Organising the Archive
-
EDIT : It's done! I can't believe I'm saying it!!!
Totally got Will Smith to show this one off for me. Thx Will x
End of edit, resuming post history :)
86% done with my search of Google cache for "to be destroyed" data. Tools have been suggested but even doing this manually has caused google to flag me as a potential robot. About 1/10 of my searches now ask me for a captcha so I think the automated options may have also hit that snag :(
Since I don't fancy another round today as I did 2000 while at work I figured I'd have a look at how I might rebuild the data.
Why rebuild it? The trouble is NodeBB like a lot of sites won't load everything at once if the page is big enough. Places with "infinite scrolling" will only load the next bits when prompted by you reaching the bottom. Web crawlers like the ones used by archive.org and google's own caching feature just load the page they land on and essentially take a picture in time which doesn't trigger the page to load more. This meant I've had to try and locate results for topics spanning various pages to try collect the pieces.
On the upside while looking at the structure of the webpages I was happy to see that each post was it's own node with it containing some pretty crucial data to help piece things together.
The node that contains the topic data has a "data-tid" which will probably mean TopicID since this one was 9297 and matches the URL for the topic. Within this node is sub nodes for each post containing "data-index" and thankfully they're numbered so even if my page tagging is wrong these will be correct.
Along with that is a "data-pid" which refers to a global increment of posts independent of the topic. I counted over 60,000 when looking at some of the last few posts albeit a lot of those are likely deleted spam having seen the vast topic voids while searching followed by complaints of spambots before FM fixed it in the early 6000 topic region.
Lastly one thing I was happy to see was a "data-timestamp". Reason for that is for some reason my captures were not displaying the date/time of posts. I assume the server was meant to decode that and send it out so I'll work on having that fixed when merging together.
How do I merge this together? Manually I can simply copy a node and paste it into a master doc, copy all the source files like images into a single directory and have it display the whole thing. Hopefully pagination is something the source doc handles else I'll have to recreate that...
I do however wish to actually make a script to do this for me.
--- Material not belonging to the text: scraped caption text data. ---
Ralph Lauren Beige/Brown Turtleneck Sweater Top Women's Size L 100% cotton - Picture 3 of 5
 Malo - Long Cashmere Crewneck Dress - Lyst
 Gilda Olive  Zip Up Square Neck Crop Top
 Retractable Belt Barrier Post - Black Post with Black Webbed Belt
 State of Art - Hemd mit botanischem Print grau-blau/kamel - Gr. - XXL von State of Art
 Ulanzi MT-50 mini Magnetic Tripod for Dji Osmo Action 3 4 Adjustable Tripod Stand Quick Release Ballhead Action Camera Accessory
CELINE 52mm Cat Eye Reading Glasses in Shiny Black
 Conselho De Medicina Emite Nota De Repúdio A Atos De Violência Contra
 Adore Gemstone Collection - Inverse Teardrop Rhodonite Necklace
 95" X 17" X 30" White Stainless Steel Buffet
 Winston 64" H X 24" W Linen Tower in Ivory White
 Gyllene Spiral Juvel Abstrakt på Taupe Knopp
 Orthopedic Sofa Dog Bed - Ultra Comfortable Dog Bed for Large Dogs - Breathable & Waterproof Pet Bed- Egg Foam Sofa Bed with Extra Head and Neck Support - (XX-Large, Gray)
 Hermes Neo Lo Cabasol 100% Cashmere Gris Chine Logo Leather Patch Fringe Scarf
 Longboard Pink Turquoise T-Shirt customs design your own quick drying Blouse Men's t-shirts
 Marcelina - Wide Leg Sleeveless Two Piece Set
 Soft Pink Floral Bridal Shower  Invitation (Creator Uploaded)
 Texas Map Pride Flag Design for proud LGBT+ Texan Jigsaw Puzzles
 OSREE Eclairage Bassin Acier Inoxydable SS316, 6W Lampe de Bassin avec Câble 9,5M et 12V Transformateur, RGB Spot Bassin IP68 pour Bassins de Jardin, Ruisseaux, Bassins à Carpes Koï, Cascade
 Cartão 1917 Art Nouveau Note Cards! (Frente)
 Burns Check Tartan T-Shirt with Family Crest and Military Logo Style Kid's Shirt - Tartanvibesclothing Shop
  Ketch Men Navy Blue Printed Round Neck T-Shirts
Just dump it all into a directory and have it do the following.
- Sort directories and HTML by topic and bundle collections of the same topic into their own directory.
- Compile all material from X topic into it's own master directory
- Clone HTML from the earliest comment available and have that be the master HTML doc.
- Search the other HTML docs for "data-index" that are not present in the master. When found append to document in order.
- Once all HTML is scanned and copied look check the master if the last "data-index" matches the number of posts that are meant to present.
- Fill all missing "data-index" results with a place holder image and text stating "comment(s) Y ( to Z) are missing from the archive. Please contact Lia if you have located this missing data with". Do this for all missing posts until the last "data-index" for that topic is populated with something.
Not too sure how I'll do it, it'll need to be an offline tool for sure. I've written some kinda complex batch scripts before so maaaaaybe I could write one to do this. I don't code, that said I didn't do a lot of things till I then later did them so we'll see how this goes once I've collected it all. Another cool thing is I can have it log all "successful" and "unsuccessful" attempts to rebuild a certain post within a topic and allow me to actually create some sort of hard number for data we're missing.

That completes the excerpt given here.